*** MATERIALS PROVIDED ***

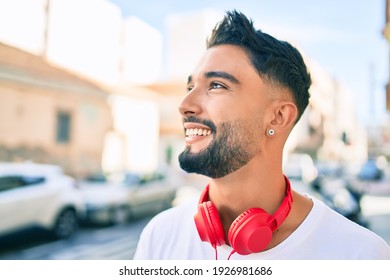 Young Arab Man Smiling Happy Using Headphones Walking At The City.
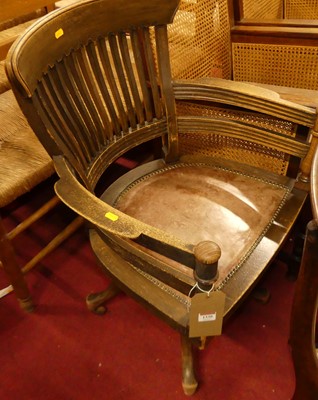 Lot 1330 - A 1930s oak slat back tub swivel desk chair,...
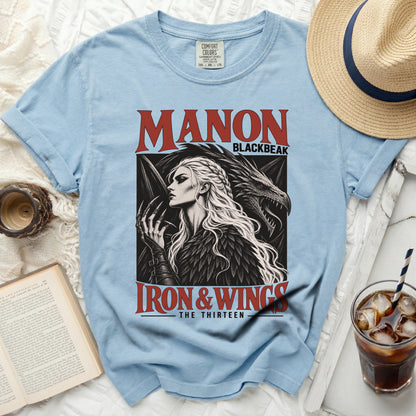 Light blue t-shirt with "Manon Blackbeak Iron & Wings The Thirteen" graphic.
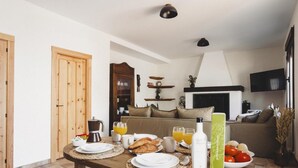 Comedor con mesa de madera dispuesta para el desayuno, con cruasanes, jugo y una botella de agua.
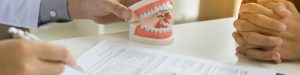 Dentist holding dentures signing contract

*** End of MATERIALS PROVIDED ***
*** MATERIALS PROVIDED ***

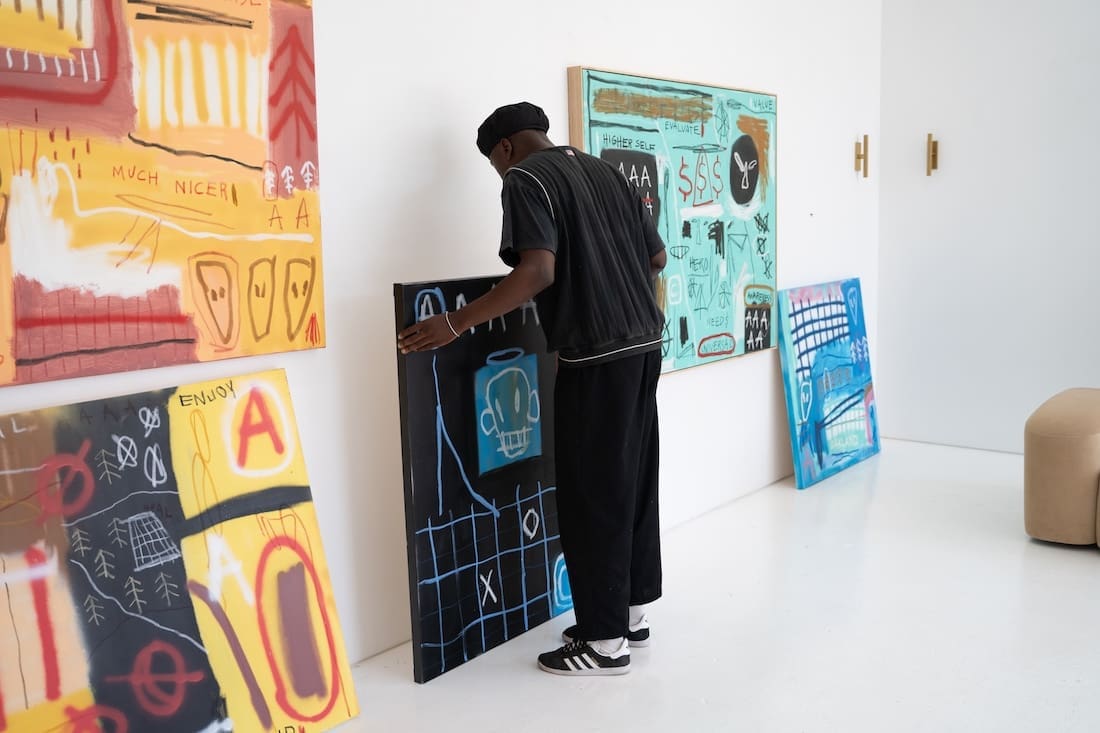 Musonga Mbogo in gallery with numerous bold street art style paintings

*** End of MATERIALS PROVIDED ***
*** MATERIALS PROVIDED ***

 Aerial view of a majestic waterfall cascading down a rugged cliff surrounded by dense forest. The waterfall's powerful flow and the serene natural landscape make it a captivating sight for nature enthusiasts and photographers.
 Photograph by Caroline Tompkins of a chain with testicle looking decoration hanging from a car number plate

*** End of MATERIALS PROVIDED ***

Transcribe, word for word, the lines of the listing above from the one that contains "Young Arab Man" through the one that contains "Dentist holding dentures signing contract", keeping both ends and dropping the pictures.

> [FINISHED TASK]:
 Young Arab Man Smiling Happy Using Headphones Walking At The City.
 Lot 1330 - A 1930s oak slat back tub swivel desk chair,...
 Light blue t-shirt with "Manon Blackbeak Iron & Wings The Thirteen" graphic.
 Comedor con mesa de madera dispuesta para el desayuno, con cruasanes, jugo y una botella de agua.
 Dentist holding dentures signing contract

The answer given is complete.